ANALYSE – Bien que très attendue, la décision d’Ottawa de donner le feu vert à l’achat de la pétrolière albertaine par la société d’État chinoise CNOOC n’est pas surprenante. À vrai dire, le Canada pouvait difficilement s’opposer à cette transaction compte tenu des enjeux économiques en cause.
La Chine est le deuxième partenaire commercial du Canada. Bien que les États-Unis sont et demeureront notre principal partenaire pour des raisons géographiques et économiques évidentes (un marché riche, populeux, partageant une frontière commune), nos échanges avec la Chine s’accroissent à un rythme très rapide.
De décembre 2006 à décembre 2011, les exportations canadiennes dans l’empire du Milieu ont bondi de 171,8%, selon le National Bureau of Statistics of China. C’est le rythme de croissance le plus élevé des pays du G7. À titre comparatif, les expéditions de marchandises des États-Unis y ont augmenté de 125,7% sur la même période.
La Chine est donc devenue un marché incontournable pour les entreprises canadiennes, en premier lieu dans le secteur des ressources naturelles, mais aussi dans les biens, les services, le commerce de détail, sans parler de l’immobilier.
Les investissements canadiens en Chine sont également importants (8,3 milliards de dollars américains en 2011) ; ceux des Chinois au pays s’élèvent à 10,7 G$US.
Ottawa et Beijing ont d’ailleurs récemment signé un accord bilatéral pour promouvoir et protéger leurs investissements. Il aurait été illogique que le Canada rejette l’offre d’achat de Nexen par CNOOC après avoir conclu cet accord.
Comme le Canada veut accroître sa présence en Chine, Ottawa avait aussi intérêt à donner son feu vert, car un refus aurait jeté un froid sur la relation économique et politique entre les deux pays. L’acceptation de l’offre d’achat renforcera cette relation.
Les autorités chinoises verront d’un bon œil les futurs investissements canadiens en Chine.
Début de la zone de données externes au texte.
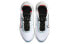 Фото #6 товара Nike Air Max 2090 耐磨 低帮 跑步鞋 女款 白色 / Кроссовки Nike Air Max 2090 CJ4066-100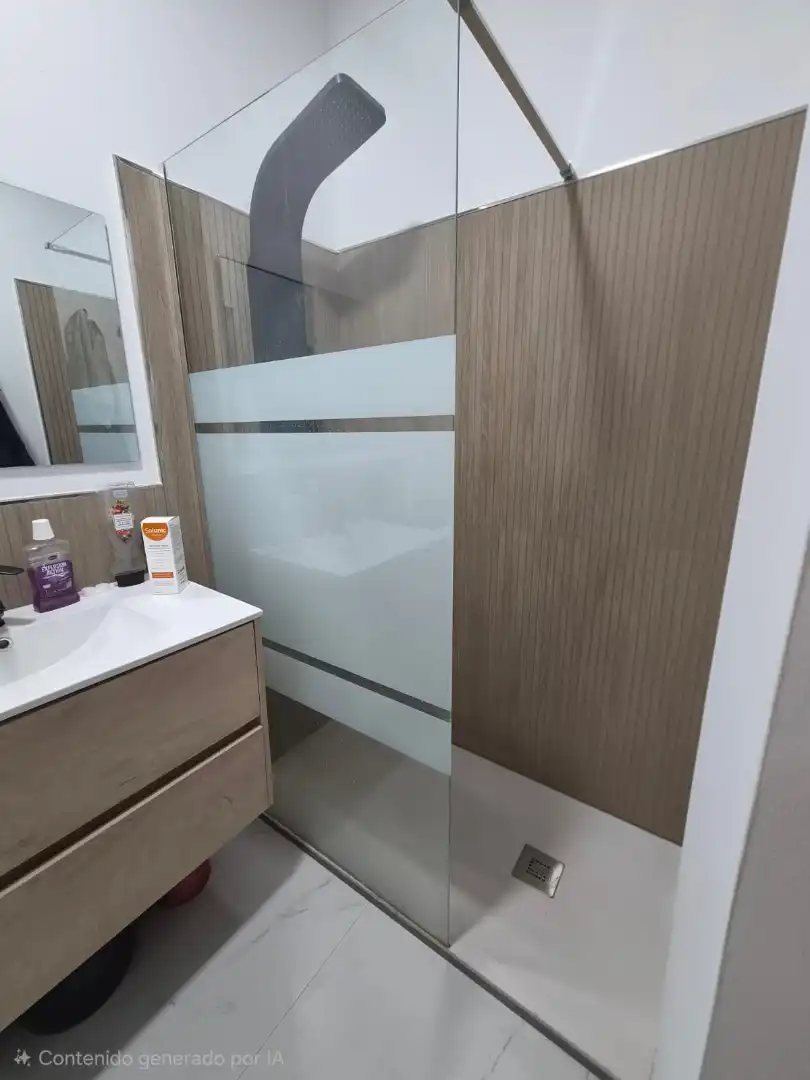 Flat to rent in Calle Alegranza 11, imagen 17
Avec cette décision favorable, le Canada s’est aussi positionné pour l’ouverture de futures négociations de libre-échange avec la Chine – Beijing le souhaite, le Canada est toujours hésitant, pour l’instant.
Aussi, même si beaucoup de Canadiens voyaient d’un mauvais œil cette transaction, le gouvernement Harper a jugé qu’il était dans l’intérêt économique du pays de l’approuver.
Le feu vert d’Ottawa survient aussi dans un contexte où le pays aura besoin d’investir 630 milliards de dollars d’ici 2020 pour développer ses ressources énergétiques. Le Canada - un pays de 34 millions d’habitants – ne peut tout simplement pas allonger tout cet argent à lui seul, représentant un peu plus du tiers de son PIB.
Le pays a donc besoin de l’apport des investisseurs internationaux. Les 15 G$ que paie CNOOC pour Nexen s’inscrivent dans cette politique d’attraction de capitaux étrangers pour développer nos ressources.
Aussi, pour toutes ces raisons, il aurait été surprenant que le Canada rejette l’offre d’achat de la société d’État chinoise.